Sur le plan ornithologique, et plus particulièrement pour les rapaces, la commune de Marseille est relativement riche en nombre d’espèces, puisque qu’elle héberge :
– un couple d’Aigle de Bonelli (Aquila fasciata) dans les calanques,
– plusieurs couples de Faucon pèlerin (Falco peregrinus) sur les falaises maritimes,
– plusieurs couples de Grand-duc d’Europe (Bubo bubo), dans les calanques notamment,
– sans oublier de nombreux Faucons crécerelles (Falco tinnunculus) et Éperviers d’Europe (Accipiter nisus).
En ce qui concerne le Circaète Jean-le-Blanc (Circaetus gallicus), quelques couples nichent dans des communes assez proches, situées à une vingtaine de kilomètres de Marseille : Roquevaire, Roquefort-la-Bédoule, Ceyreste.
Sur le massif de Saint-Cyr/Carpiagne, l’espèce était régulièrement contactée sans que l’on connaisse son statut précis. Il faut dire que cette zone possède un relief complexe avec une multitude de vallons d’orientations diverses, souvent très encaissés et avec de hautes falaises, ce qui rend les prospections assez difficiles. Si à la suite des incendies récents et anciens la plus grande partie de la zone est assez dénudée, certains vallons épargnés possèdent encore de très belles pinèdes qui peuvent être favorables à l’hébergement de rapaces forestiers comme le Circaète.
Cette année, grâce à l’aide de l’Office National des Forêts (ONF) et un recoupement d’informations précises communiquées par ses agents de terrain travaillant sur ce secteur, nous avons pu enfin trouver le site de nidification d’un couple.

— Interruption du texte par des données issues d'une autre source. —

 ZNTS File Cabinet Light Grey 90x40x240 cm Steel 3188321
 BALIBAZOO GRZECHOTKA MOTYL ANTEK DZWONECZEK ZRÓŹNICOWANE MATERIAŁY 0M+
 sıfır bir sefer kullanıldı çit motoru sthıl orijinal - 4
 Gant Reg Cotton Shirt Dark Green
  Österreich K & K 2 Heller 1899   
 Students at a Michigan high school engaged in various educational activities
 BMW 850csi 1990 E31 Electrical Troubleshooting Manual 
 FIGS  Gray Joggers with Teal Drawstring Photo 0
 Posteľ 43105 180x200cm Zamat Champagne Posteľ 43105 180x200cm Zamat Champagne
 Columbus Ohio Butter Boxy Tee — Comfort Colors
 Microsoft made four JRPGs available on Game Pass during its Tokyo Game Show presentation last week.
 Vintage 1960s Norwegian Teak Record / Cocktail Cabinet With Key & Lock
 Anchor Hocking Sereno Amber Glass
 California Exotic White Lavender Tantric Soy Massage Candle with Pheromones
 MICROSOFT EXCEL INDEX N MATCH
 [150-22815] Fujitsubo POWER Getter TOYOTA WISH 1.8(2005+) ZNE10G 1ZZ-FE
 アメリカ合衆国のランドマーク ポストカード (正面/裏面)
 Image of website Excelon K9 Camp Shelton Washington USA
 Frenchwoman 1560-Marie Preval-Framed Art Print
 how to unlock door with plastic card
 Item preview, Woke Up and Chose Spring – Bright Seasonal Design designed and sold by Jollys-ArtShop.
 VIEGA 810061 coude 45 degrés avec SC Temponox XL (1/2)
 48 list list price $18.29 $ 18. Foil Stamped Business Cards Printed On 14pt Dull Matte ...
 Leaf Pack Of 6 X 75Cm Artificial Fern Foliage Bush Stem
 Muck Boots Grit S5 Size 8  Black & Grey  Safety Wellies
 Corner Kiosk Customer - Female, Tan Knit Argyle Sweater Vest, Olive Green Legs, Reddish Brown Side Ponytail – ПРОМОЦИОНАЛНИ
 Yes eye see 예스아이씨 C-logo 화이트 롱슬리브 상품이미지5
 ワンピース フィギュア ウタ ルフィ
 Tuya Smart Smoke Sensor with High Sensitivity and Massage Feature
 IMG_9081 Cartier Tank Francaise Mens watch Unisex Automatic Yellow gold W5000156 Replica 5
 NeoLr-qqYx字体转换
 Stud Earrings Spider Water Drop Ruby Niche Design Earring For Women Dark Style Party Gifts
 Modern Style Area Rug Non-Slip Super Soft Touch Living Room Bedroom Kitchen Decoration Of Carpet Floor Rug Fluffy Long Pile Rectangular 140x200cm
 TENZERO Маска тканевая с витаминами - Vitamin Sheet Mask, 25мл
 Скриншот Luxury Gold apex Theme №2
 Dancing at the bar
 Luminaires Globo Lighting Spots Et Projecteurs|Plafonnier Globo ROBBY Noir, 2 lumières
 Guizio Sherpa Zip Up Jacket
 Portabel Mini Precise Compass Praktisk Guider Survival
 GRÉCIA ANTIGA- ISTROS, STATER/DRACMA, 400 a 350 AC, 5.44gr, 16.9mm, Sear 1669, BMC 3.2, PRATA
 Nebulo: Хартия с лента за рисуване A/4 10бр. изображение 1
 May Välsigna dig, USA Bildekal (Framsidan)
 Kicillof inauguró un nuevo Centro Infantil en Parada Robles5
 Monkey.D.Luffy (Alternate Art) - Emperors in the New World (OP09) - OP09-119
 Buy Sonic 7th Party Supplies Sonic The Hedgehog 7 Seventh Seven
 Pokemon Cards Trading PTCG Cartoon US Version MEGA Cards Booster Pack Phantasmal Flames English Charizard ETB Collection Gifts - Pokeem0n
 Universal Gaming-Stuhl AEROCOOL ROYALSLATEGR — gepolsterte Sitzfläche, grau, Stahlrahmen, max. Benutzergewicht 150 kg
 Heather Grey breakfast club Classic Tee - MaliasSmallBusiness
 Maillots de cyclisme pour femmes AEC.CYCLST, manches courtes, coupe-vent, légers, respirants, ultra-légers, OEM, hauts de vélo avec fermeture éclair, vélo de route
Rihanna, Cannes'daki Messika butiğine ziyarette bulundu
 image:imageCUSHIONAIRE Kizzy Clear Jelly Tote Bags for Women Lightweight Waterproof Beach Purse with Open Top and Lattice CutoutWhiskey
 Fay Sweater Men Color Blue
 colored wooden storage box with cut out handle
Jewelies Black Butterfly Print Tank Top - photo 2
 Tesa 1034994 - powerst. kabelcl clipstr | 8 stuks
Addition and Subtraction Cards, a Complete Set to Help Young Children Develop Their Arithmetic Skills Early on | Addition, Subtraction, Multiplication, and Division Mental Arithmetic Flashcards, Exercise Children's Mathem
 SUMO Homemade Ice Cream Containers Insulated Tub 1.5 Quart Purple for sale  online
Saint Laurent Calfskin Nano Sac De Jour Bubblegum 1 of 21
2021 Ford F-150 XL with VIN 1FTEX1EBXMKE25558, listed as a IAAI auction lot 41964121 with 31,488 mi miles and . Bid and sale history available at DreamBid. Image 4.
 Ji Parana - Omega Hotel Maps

Il est situé sur la pente nord/nord-ouest d’un petit vallon (photo 1 et photo 2), à la limite est de la commune de Marseille, dans le 11e arrondissement, entre les quartiers de la Barasse et de la Millière. Ce vallon, très proche des zones urbanisées, est assez peu fréquenté car à l’écart des chemins de randonnée du secteur. Il possède quelques bosquets de beaux pins d’Alep (Pinus alepensis) sur des pierriers à forte pente (> 40°). L’aire est installée sur la branche latérale d’un pin légèrement isolé dans une concavité du relief, à une hauteur d’environ 7 mètres, une altitude de 300 mètres et elle est exposée au sud-est (photo 3). Pour la voir il faut descendre dans le vallon sur la même courbe de niveau à 50 m au sud de l’arbre.
C’est actuellement le seul couple connu nichant sur la commune.
Ce qui est remarquable c’est que ce site se trouve sur la partie nord du massif de Saint- Cyr/Carpiagne, celle qui est la plus proche des zones urbanisées. A vol d’oiseau, l’aire est située à 550 m d’un lotissement, 950 m d’un arrêt de bus, 1,2 km d’une route nationale et 2,7 km d’un très grand centre commercial. Un paradoxe pour une espèce qui niche habituellement dans des endroits très sauvages et loin de toute présence humaine !
Le 4 juillet un jeune âgé d’environ 5 à 6 semaines était visible sur l’aire, inquiet de notre présence si proche (nous sommes restés uniquement le temps de prendre une photo).